One of the principal reasons the optimal therapy for non-ulcer dyspepsia remains controversial is uncertainty concerning the role of Helicobacter pylori. If H. pylori were significantly associated with dyspepsia and associated symptoms, eradication of the organism could be expected to lead to clinical improvement. Jaakkimainen and colleagues reviewed the literature concerning the role of H. pylori in dyspepsia and sought evidence that eradication of the organism would lead to improvement in dyspeptic symptoms.

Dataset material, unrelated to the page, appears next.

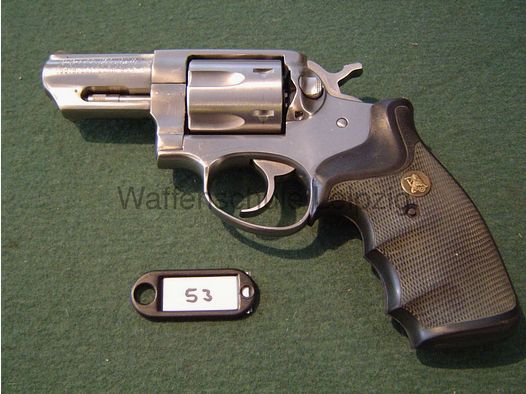 Ruger Police Service Six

A search of medical databases from 1983 to 1999 identified 84 potential studies. Systematic review and assessment of all articles resulted in only 23 studies of association and five studies of H. pylori eradication that met criteria for inclusion in the meta-analysis. The studies of the association between H. pylori infection and non-ulcer dyspepsia differed in selection of patients and controls, criteria for diagnosis of H. pylori, and definition of non-ulcer dyspepsia. When the results of the 23 studies were pooled, the odds ratio for association was 1.6, indicting a statistically significant association. The five studies of change in dyspeptic symptoms when H. pylori was eradicated all involved patients referred to gastroenterology clinics. The odds ratio for symptomatic improvement was 1.9 for patients in whom the organism was eradicated.
The authors conclude that infection with H. pylori was associated with a small but significant increased risk of non-ulcer dyspepsia and that eradication of this infection was associated with improvement of symptoms. Patients in whom H. pylori was eradicated were almost twice as likely to report an improvement in dyspeptic symptoms compared with patients in whom H. pylori was not eradicated.